Karel and Antonia have teamed up with La Boheme, who exclusively provides the café with the highest quality chocolates, wines and, of course, coffee beans that are freshly roasted right in Prague. The café´s offerings include organic beans from Ethiopia and also the most expensive coffee bean in the world, from Indonesia—Kopi Luwak. For 1,800 CZK, you will be the proud owner of 250 grams of this most rare bean, which is also produced in a rather unusual way that the owners gladly explain to their patrons.

On the less expensive side, all of the other coffees, teas, chocolates and wines on the menu are available for purchase.
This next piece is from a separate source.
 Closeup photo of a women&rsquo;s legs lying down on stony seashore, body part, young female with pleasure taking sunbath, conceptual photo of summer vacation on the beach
One especially popular product purchased by customers is the Czech produced Babicka Tea, which comes in 14 different atypical flavors.

“If we serve something here, we want to sell it for the home as well,” Karel says.

Not to worry if you do like your coffee with those interfering ingredients of milk and sugar—the menu still retains the traditional favorites like cappuccinos and lattes. And to temper down the caffeine buzz, you can order from a delicious variety of light dishes, including grilled Tuscan style vegetables, salads, fresh Italian and Spanish cheeses and hams, and of course desserts. Antonia´s homemade tiramisu, created from a generations-old Italian family recipe, has already been declared to be the best tiramisu in town—not an exaggerated claim by any means.

The café duo has decided to run their business entirely on their own, without hiring any staff. Al Cafetero is open daily from 8.30 until 21.30 (or when the last customers leave), but closed on the weekends, allowing the owners some time off and a chance to return refreshed with more inspiring coffee ideas.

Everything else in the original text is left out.